‘Nunca foi pela máscara. Foi racismo’, desabafa delegada que foi barrada em loja de shopping de Fortaleza

Ana Paula Barroso é titular da Delegacia de Proteção a Grupos Vulneráveis do Ceará; gerente da Zara foi indiciado por racismo após investigadoras ouvirem testemunhas e analisarem câmeras de segurança

A ansiedade pairava no ar. No sétimo período da faculdade, a quase advogada estava prestes a conseguir um estágio como auxiliar de promotor de Justiça. Enquanto aguardava a entrevista, a garota de Juazeiro do Norte não pôde deixar de notar a presença da outra candidata, loira e de olhos claros, talvez tão nervosa quanto ela na antessala do Ministério Público do Ceará. Diante das duas jovens, uma secretária, enquanto comandava o entra e sai no escritório, dava as instruções.

— O promotor já vai atender — avisou e, olhando apenas para a garota do Cariri, no Sul do estado, completou: — O trabalho aqui é muito simples: é só manter a sala, que está cheia de poeira, limpa e servir o café.

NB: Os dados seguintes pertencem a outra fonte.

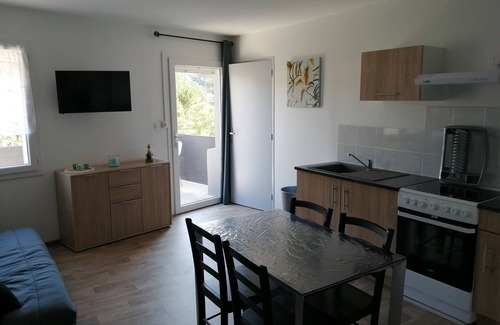 Lamalou-les-Bains Apartment | Comfortable T2 private parking air-conditioned elevator wifi 300 m from the spa
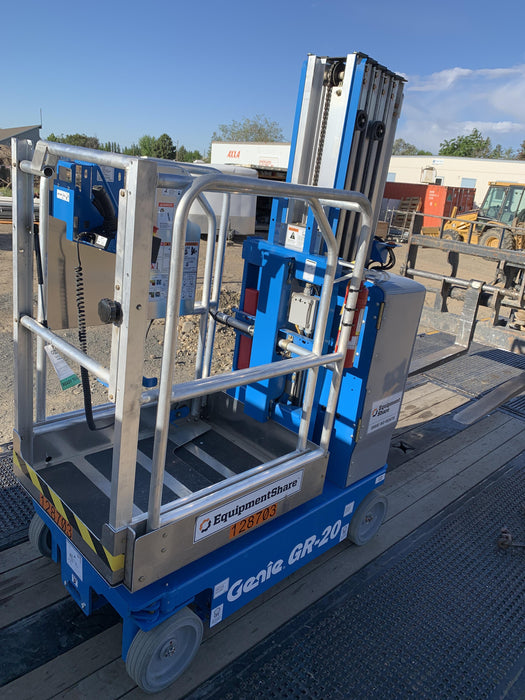 2021 GENIE GR-20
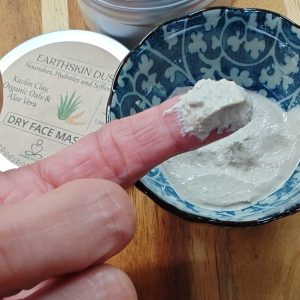 Natural Clay, Oats and Aloe Vera dry powder mask. Organic and Vegan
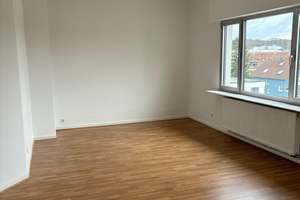 Großzügige 4 Zimmerwohnung mit riesiger Dachterrasse zu vermieten – 63071 Lichtenplatte, Offenbach am Main – Vorschaubild 9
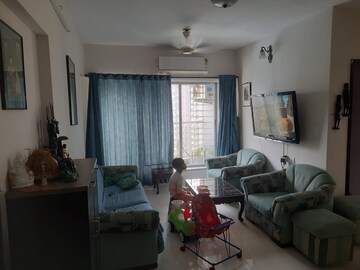 Living Room in 2 BHK Apartment at Unique Poonam Estate Cluster 2, Mira Road – for Sale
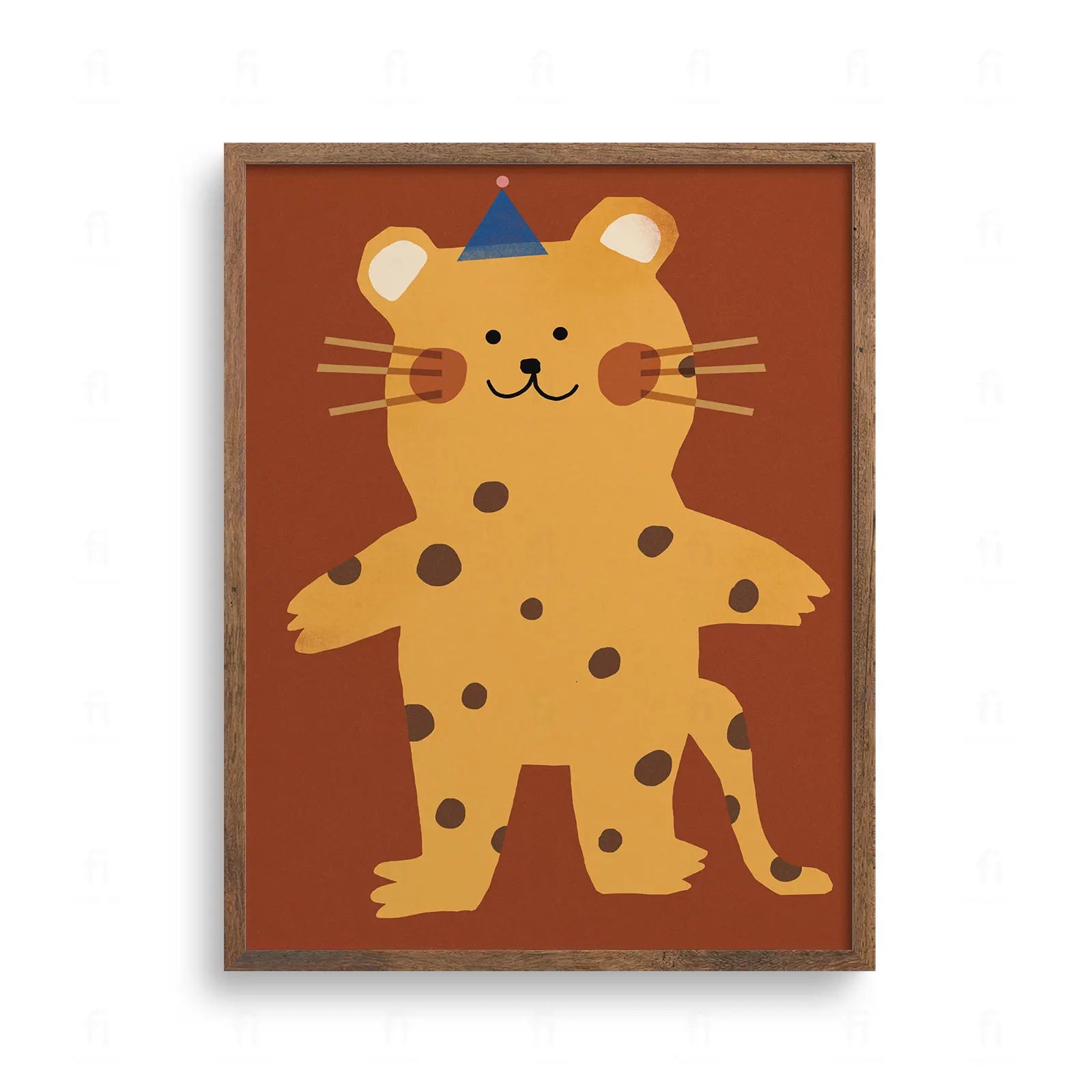 Plakat z żółtym tygrysem lub lampartem w niebieskiej czapeczce urodzinowej na brązowym tle. Ilustracja dla dzieci.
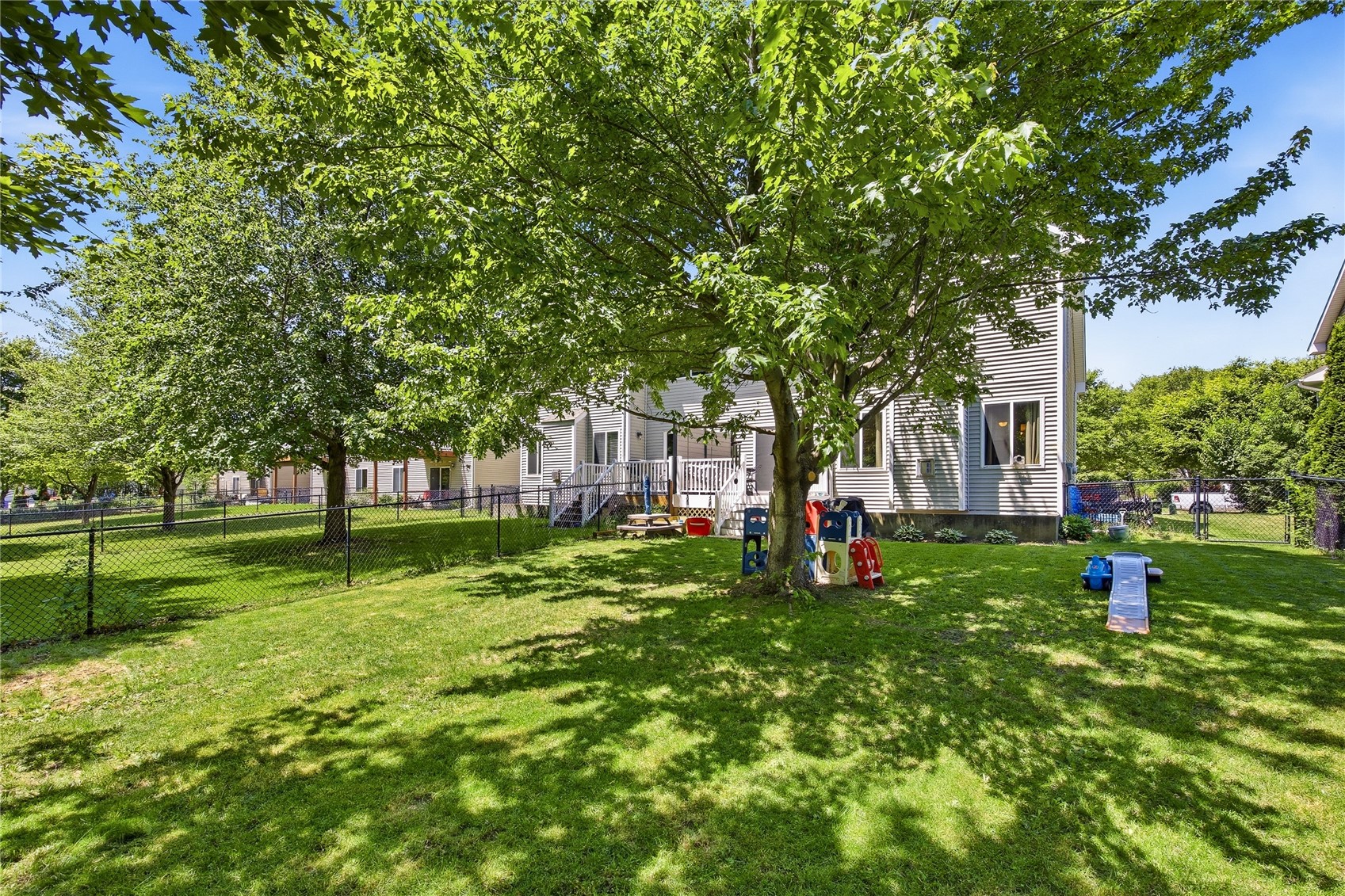 452 N Mckenzie Lane North Liberty IA 52317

Ana Paula Barroso engoliu em seco, mas ali era apenas mais um obstáculo para uma jovem negra, filha de pais separados, criada pela avó açougueira. A futura delegada de polícia — que foi alvo de discriminação numa loja da Zara em shopping da capital, onde passou a viver, obteve a vaga imediatamente. Deixou a sala do promotor equilibrando uma pilha de documentos e com uma resposta na ponta da língua. Antes de se dar conta da gafe, carregada de preconceito, e se desculpar por imaginar que ela era a faxineira, a secretária ainda perguntaria: “menina, onde você vai com esses processos todos?”.

— Eu disse que ela estava desculpada, mas que não era nenhum demérito trabalhar na limpeza, muito pelo contrário — conta, lembrando que a outra jovem seria contratada para serviços gerais. — Ela ficou sem resposta.

Quinze anos depois — e com outros percalços semelhantes no caminho — a delegada Ana Paula, aos 39 anos, enfrenta uma ação de racismo contra a gerência da loja. Logo ela, titular da Delegacia de Proteção a Grupos Vulneráveis do estado. E que nem gosta de roupas de grife: apenas perambulava pelo centro comercial, tomando seu primeiro sorvete oito meses depois de uma cirurgia bariátrica.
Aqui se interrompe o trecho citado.